Vous savez à présent où jouer vos notes ? Et aussi combien de temps les jouer ? Parfait, passons au choix des notes. Rappelez-vous l’histoire des temps forts et des temps faibles, car ils jouent un rôle important dans le choix des notes. Dans un premier temps, nous utiliserons la mesure à 4 temps, car elle est de loin la plus utilisée. Nous décrivons également les règles à suivre pour jouer sur la mesure. Ces règles constituent la base de tous les autres styles.
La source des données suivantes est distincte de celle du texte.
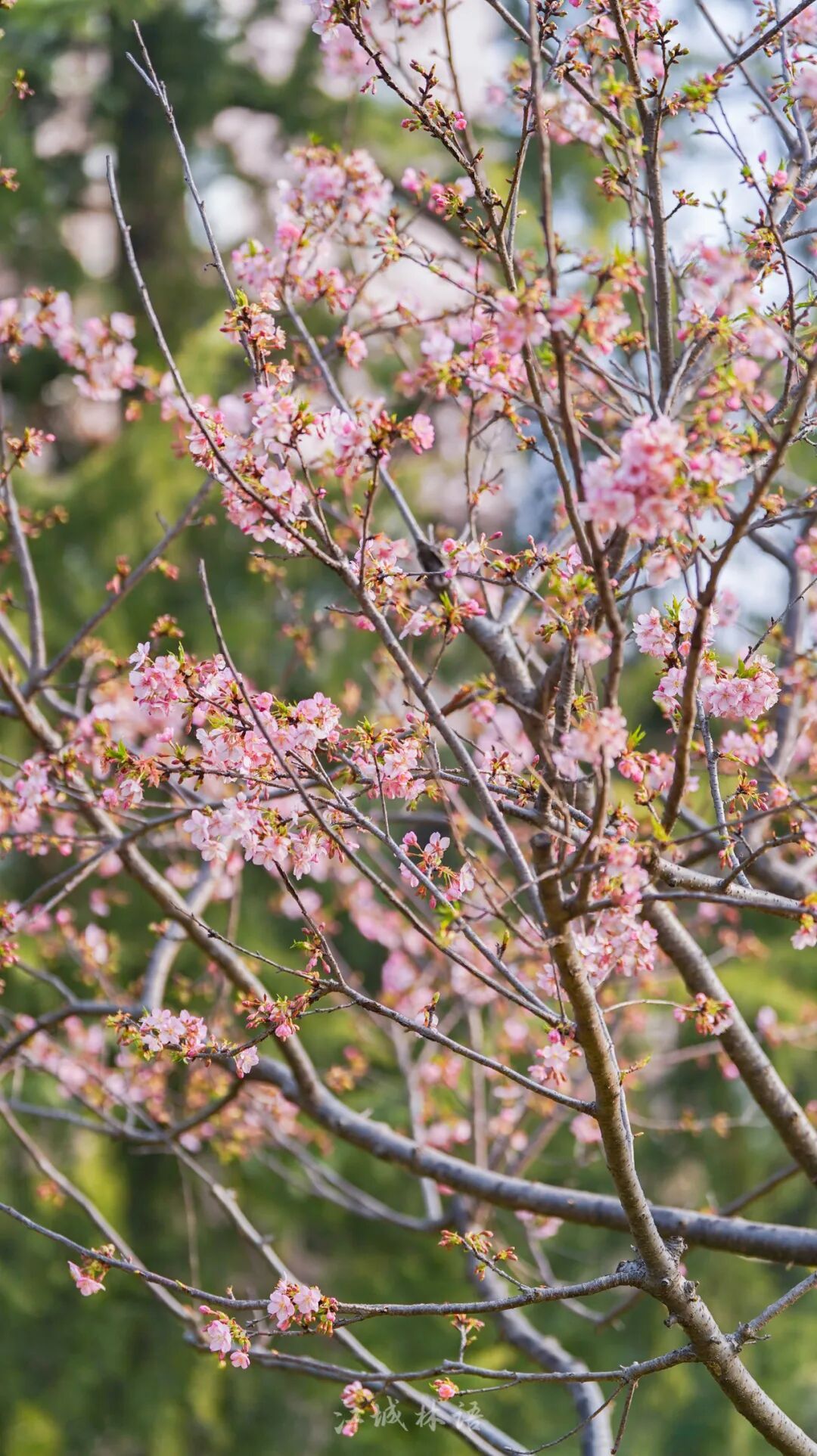 开爆了，武汉提前进入盛放期！“从未见过这么早”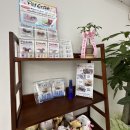 (주)디자인본인테리어 | 대구 애견샵인테리어 화이트톤의 깔끔한 디자인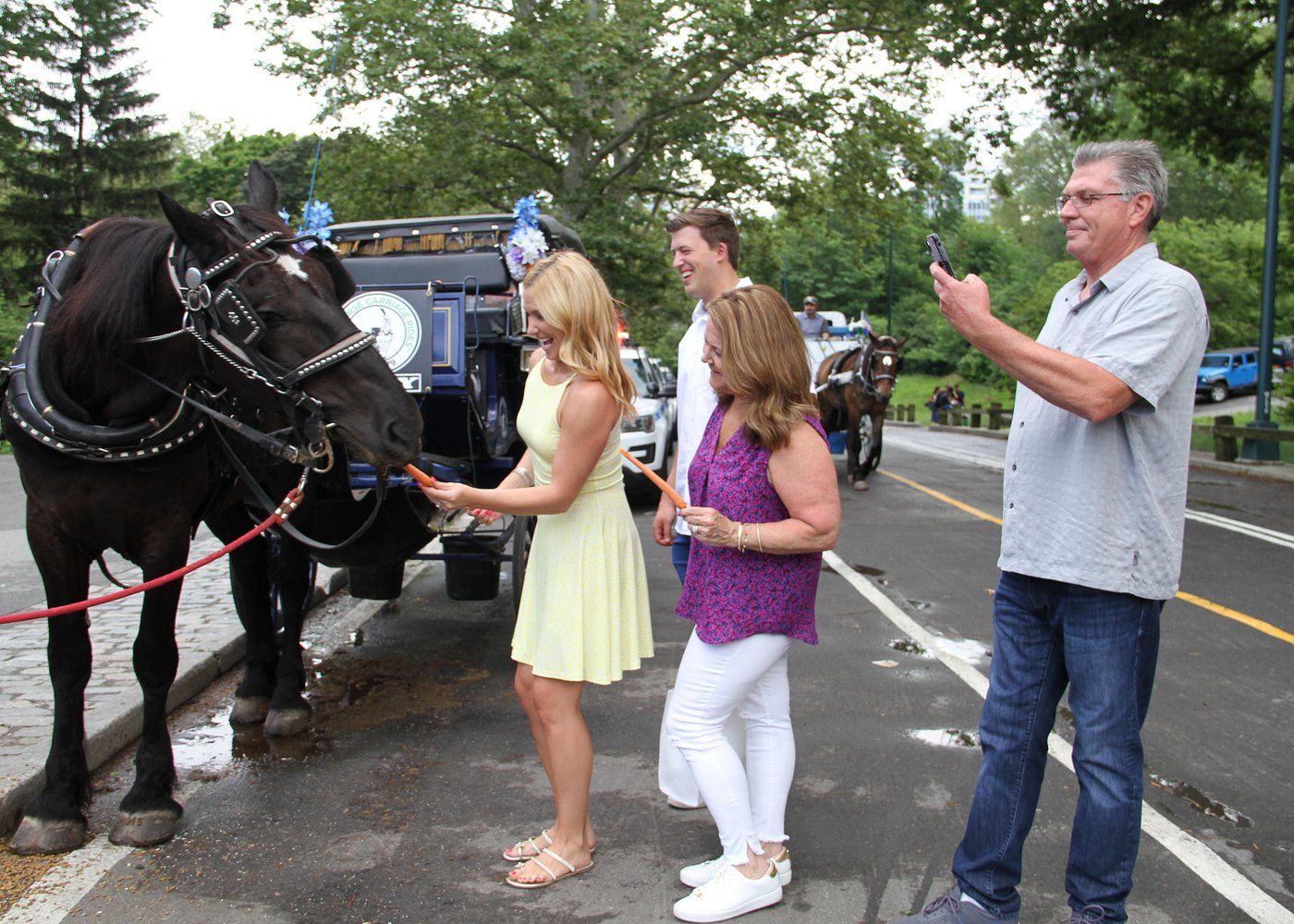 Touristes donnant des carottes à un cheval dans Central Park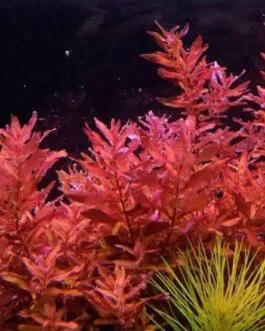 Rotala macranda red (5 stem)
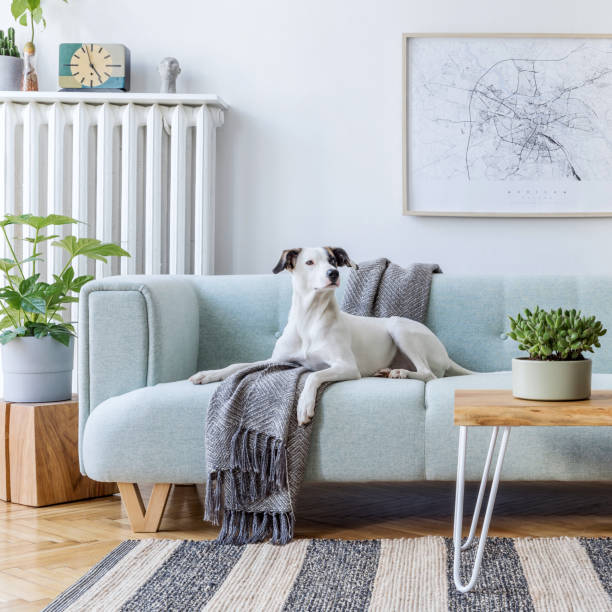 istock Modern scandinavian living room interior.Home decor. Interior design. Template. Ready to use. 1353404695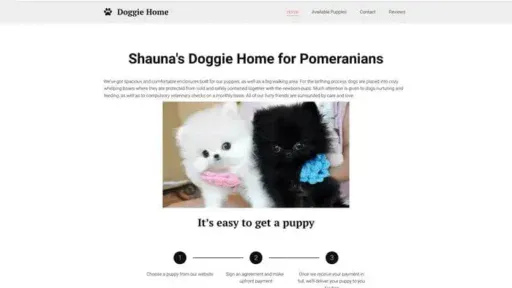 Screenshot of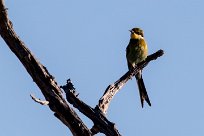 Swallow-tailed Bee-eater (Guêpier à queue d'aronde) Swallow-tailed Bee-eater (Guêpier à queue d'aronde)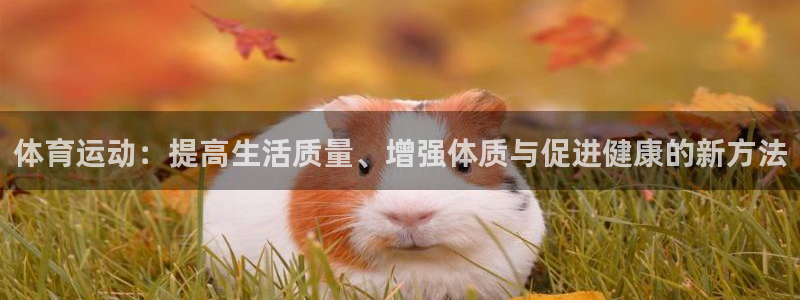 杏宇体育代理：体育运动：提高生活质量、增强体质与促进健康的新方法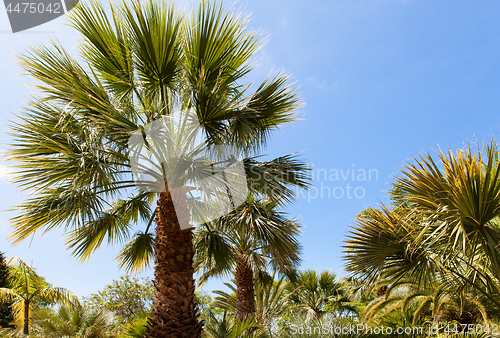 Image of palm garden under a blue sky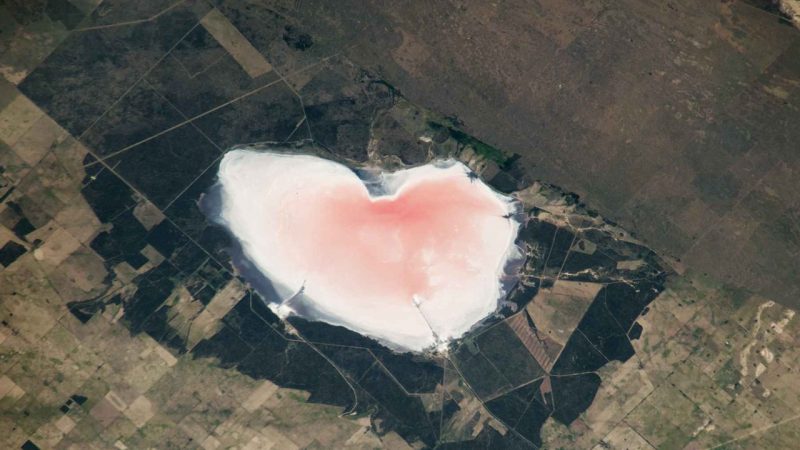 NASA Spotted a Pink Heart in Argentina and Its Color Comes From Microbes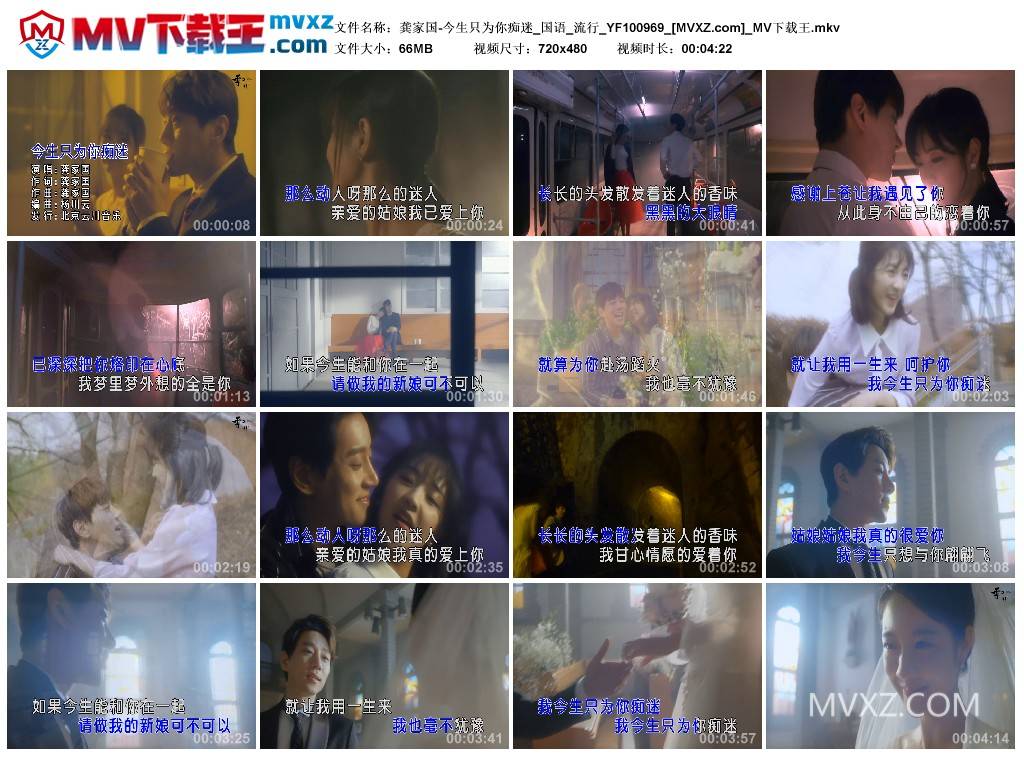 龚家国-今生只为你痴迷_国语_流行_YF100969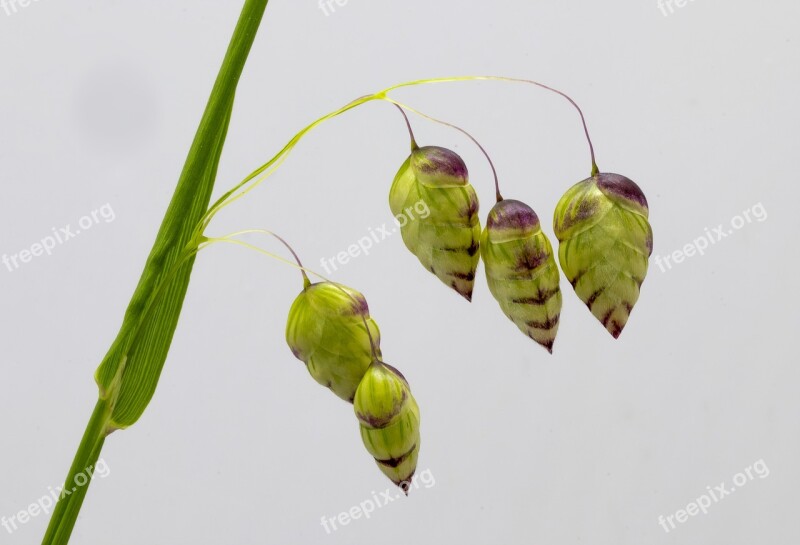 Quaking Grass Ornamental Green Red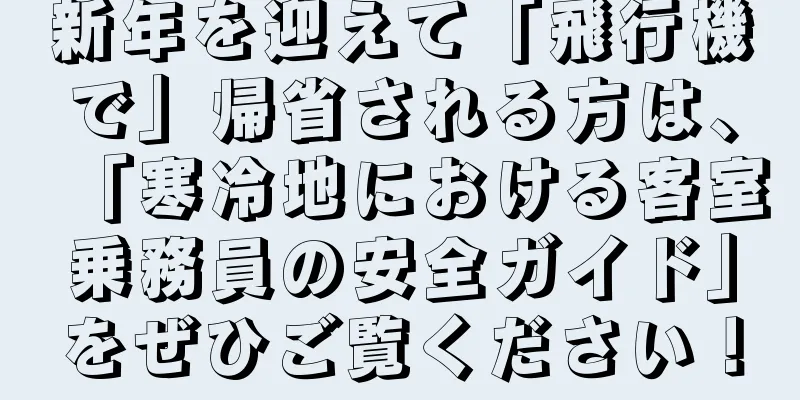 新年を迎えて「飛行機で」帰省される方は、「寒冷地における客室乗務員の安全ガイド」をぜひご覧ください！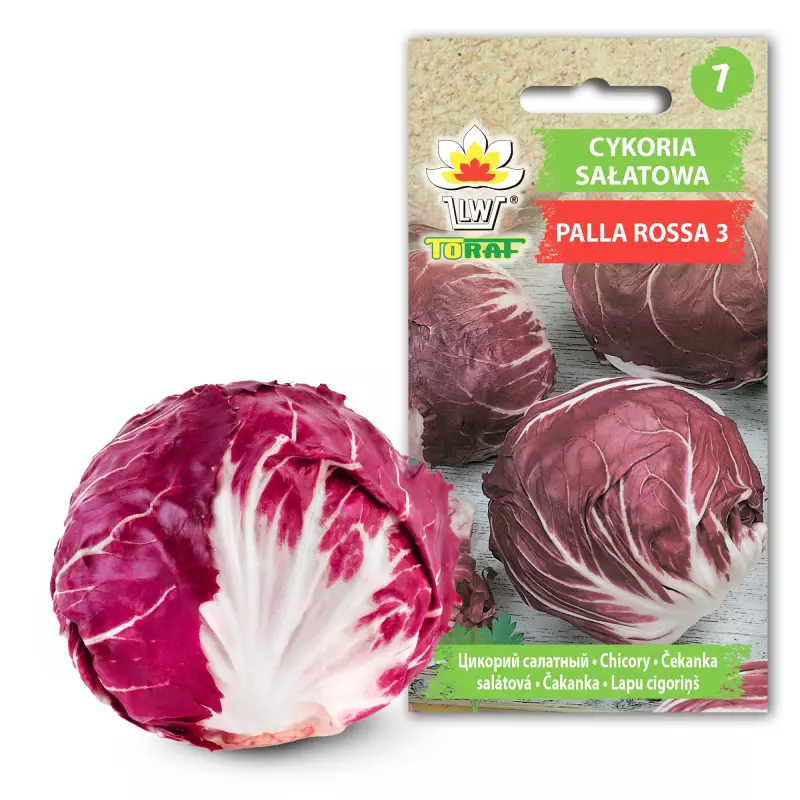 Toraf Nasiona warzyw | Cykoria Sałatowa Palla Rossa 3 | Opakowanie 5g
Lignes de basse sur deux temps

Lorsque l’on joue des lignes de basse sur deux temps, une note est posée sur les temps forts (temps 1 et 3). Habituellement, la note fondamentale de l’accord est posée sur le premier temps. Par conséquent, si vous jouez un accord A7 (A-Cis-E-G), jouez un La (A) sur le premier temps. Au troisième temps, vous jouez généralement une des notes de l’accord. Il peut s’agir de la note fondamentale, mais la plupart du temps, c’est la quinte qui est utilisée (dans un accord A7, c’est le Mi). Du point de vue de la note fondamentale, la quinte est la note la moins palpitante, car la quinte (après l’octave) est la note la plus proche de la fondamentale. Exemple : l’accord est un accord en Do majeur (construit à partir de C-E-G). Le Sol (G) correspond à la quinte et est joué sur le troisième temps. Dans de nombreuses musiques (country, folk, fox-trot), la ligne de basse se limite à la fondamentale sur le premier temps et à la quinte sur le troisième temps. C’est ce qu’on appelle la basse alternée. Allez-y, essayez et il y a de fortes chances que vous reconnaissiez le son immédiatement. Les tierces et les septièmes (lorsque la septième fait partie de l’accord) peuvent également être utilisées. En ce qui concerne la montée en intensité, l’ordre par rapport à la fondamentale est quinte > tierce > septième, et il est important de garder à l’esprit que vos décisions seront toujours influencées par l’accord qui suivra et la meilleure façon de l’introduire. Puisque nous en sommes arrivés aux accords, il est probablement utile de mentionner que pour créer de belles lignes de basse, vous devez savoir une chose ou deux sur les accords. Au minimum, vous devriez connaître tous les accords majeurs, mineurs, de septième de dominante et de septième mineur dans toutes les tonalités les plus courantes (Do, Ré, Mib, Mi, Fa, Sol, La, Sib), ou au moins être capable de comprendre comment chaque accord est formé. Si vous ne connaissez que très peu ou pas du tout les accords, nous vous recommandons de consulter d’abord notre article sur la théorie des accords.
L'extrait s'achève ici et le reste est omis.